Reynolds, in my opinion, is one of the more interesting writers of short fiction around, and I find that, despite his claims that he doesn’t work well at shorter lengths, that his short fiction is more effective, at least in terms of my enjoyment of his work, than his longer work. That holds true especially here, in a collection of much of his strongest short work that doesn’t take place in the Revelation Space universe. Highlights include “Spirey and the Queen”, “Hideaway”, and “Beyond the Aquila Rift”. This book just gives us all the more reason to lament the fact that an author can make no more than a tiny fraction of their living from writing short fiction. If it paid a little more, we might see more books like this one.
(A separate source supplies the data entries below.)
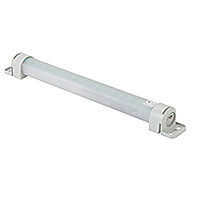 Stego Varioline LED Enclosure Lights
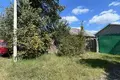 House 61 m² Babruysk, Belarus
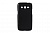 Чехол Drobak Elastic PU для Samsung Galaxy Core LTE SM-G386F (Black)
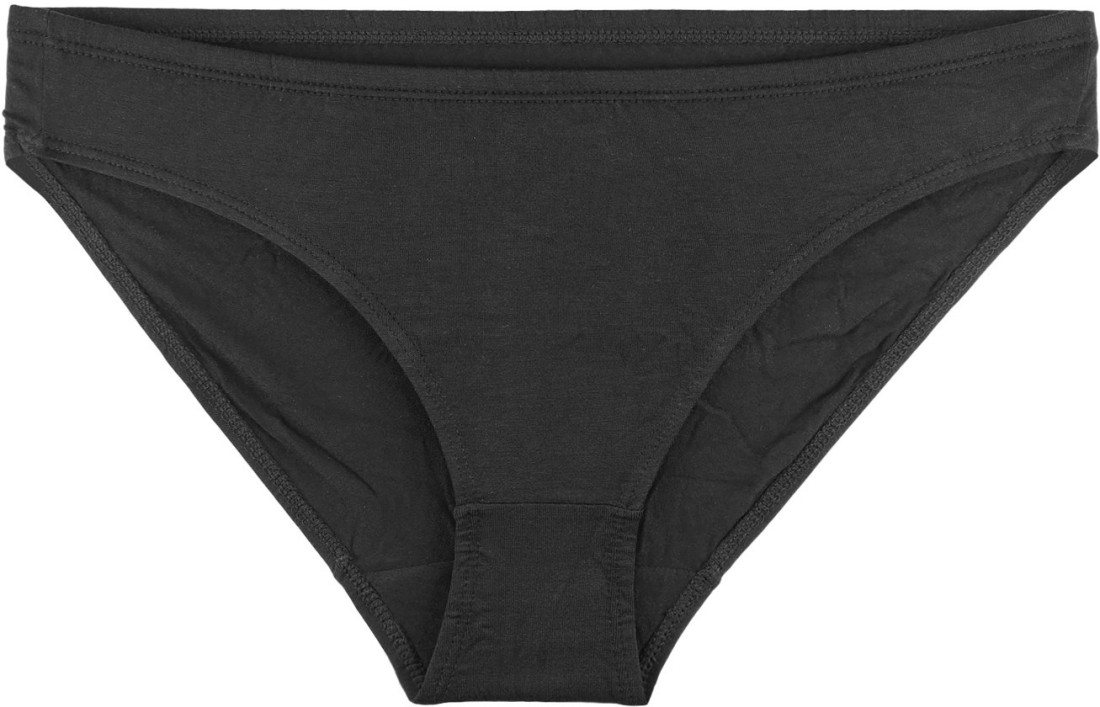 Bodycare Teenager Panties In Pack Of 3-t-1102b, T-1102b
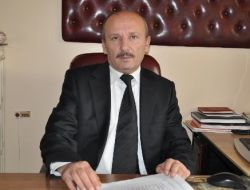 Albayrak: Hasat Sonrası Anızların Yakılması Doğal Dengeyi Bozuyor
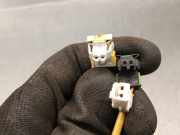 Lichtschalter 07354009330 Lancia Musa Großraumlimousine 1.3 JTD Multijet 70 (188.A.9000)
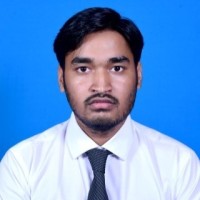 Ankur Omer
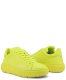 Sneakersy marki Love Moschino model JA15304G1GIA0. Kolor Różowy, Obuwie Damskie. sezon: Wiosna/Lato EU 38 1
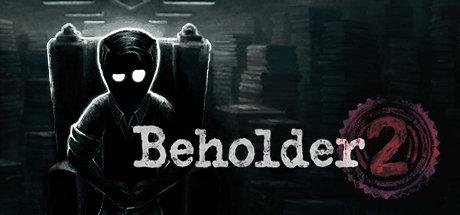 《旁观者2 Beholder 2》-蓝豆人-PC单机Steam游戏下载平台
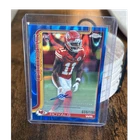 2025 Topps Jalen Royals Shop for 2025 Topps Signature Class Football Chrome Rookie Autographs on eBay (Raw)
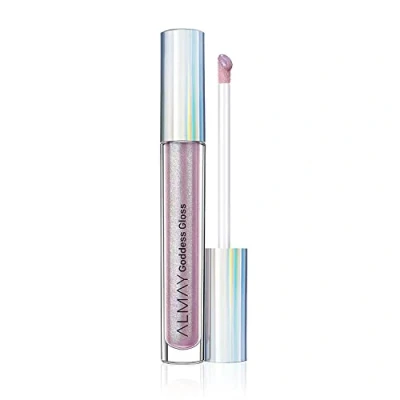 Image of ALMAY Goddess Gloss Mystic 0.1 fl. oz. (3 ml)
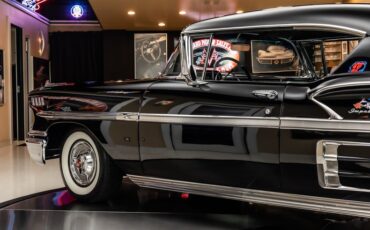 Unknown-Impala-1958-Black-Black-33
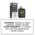 LEVEL X G2 ULTRA POD - FLAVOUR BEAST - MEGA MANGO (CLEARANCE)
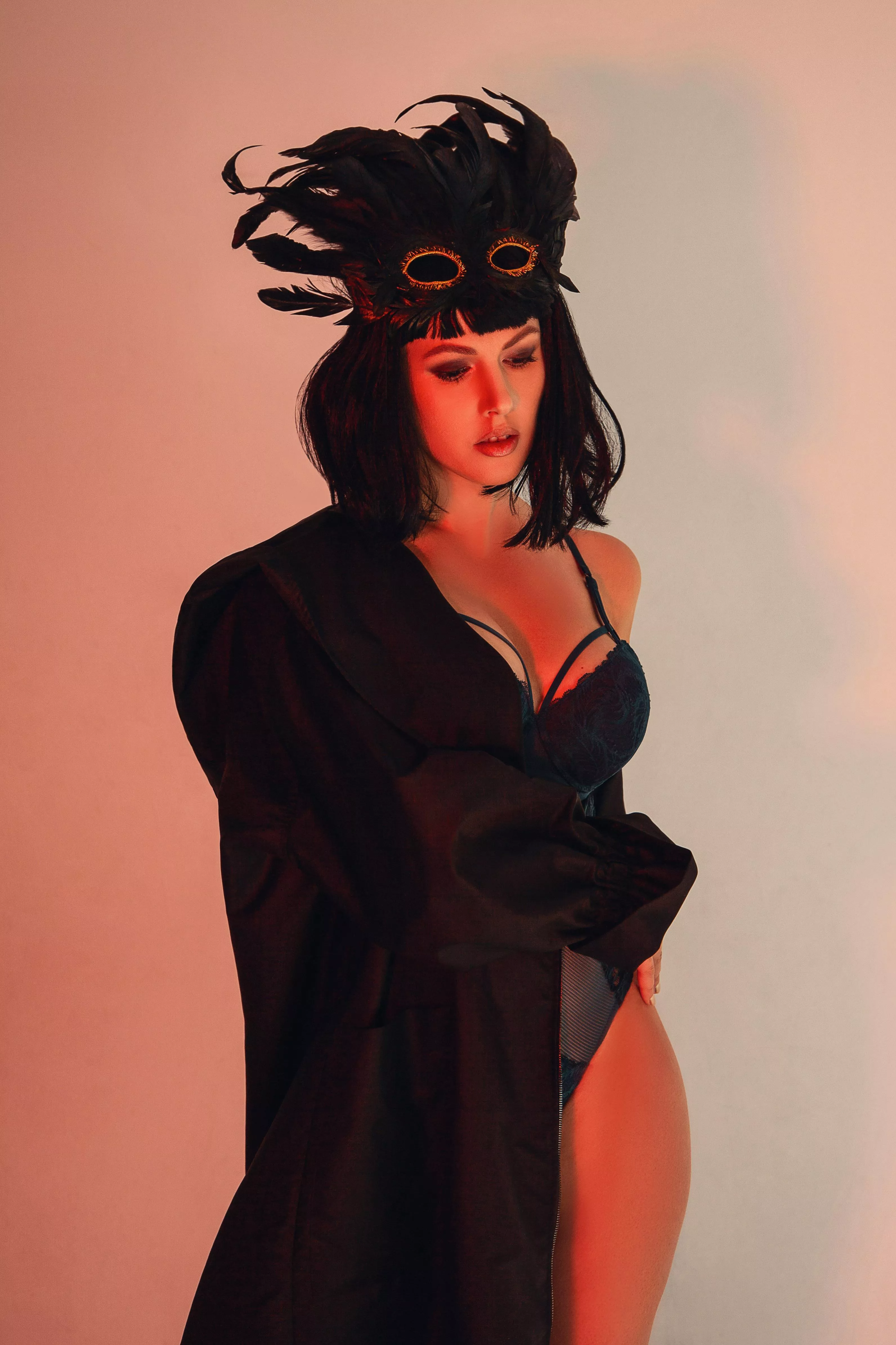 Weekend promo, 3 $ for the next 10 subscribers ๐ฅ latex, leather, nudes and a lot more ๐ links in comments. Enjoy ๐ Weekend promo, 3 $ for the next 10 subscribers ๐ฅ latex, leather, nudes and a lot more ๐ links in comments. Enjoy ๐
Child of Fortune by Norman Spinrad

I’m not entirely sure what to think of th this one. I’m a huge fan of Bug Jack Barron, and Spinrad is one of the most interesting stylists that SF has yet produced. That said, I think that this book was meant to be shocking, and unfortunately it fails at this today, although it may not have when the book was first released. For the most part, the book focuses on sex, almost exclusively heteronormative, and it does so at the expense of its setting. The language used is quite interesting and inventive, and some of the set-pieces are pretty magnificent, but the characters and the plot suffer a bit in comparison. There’s just not all that much going on there, and the additional difficulty imposed by the stylistic experimentation and visualizing some quite strange environments ends up being tiring rather than fascinating, because you don’t have the engine of a strong plot to propel you along.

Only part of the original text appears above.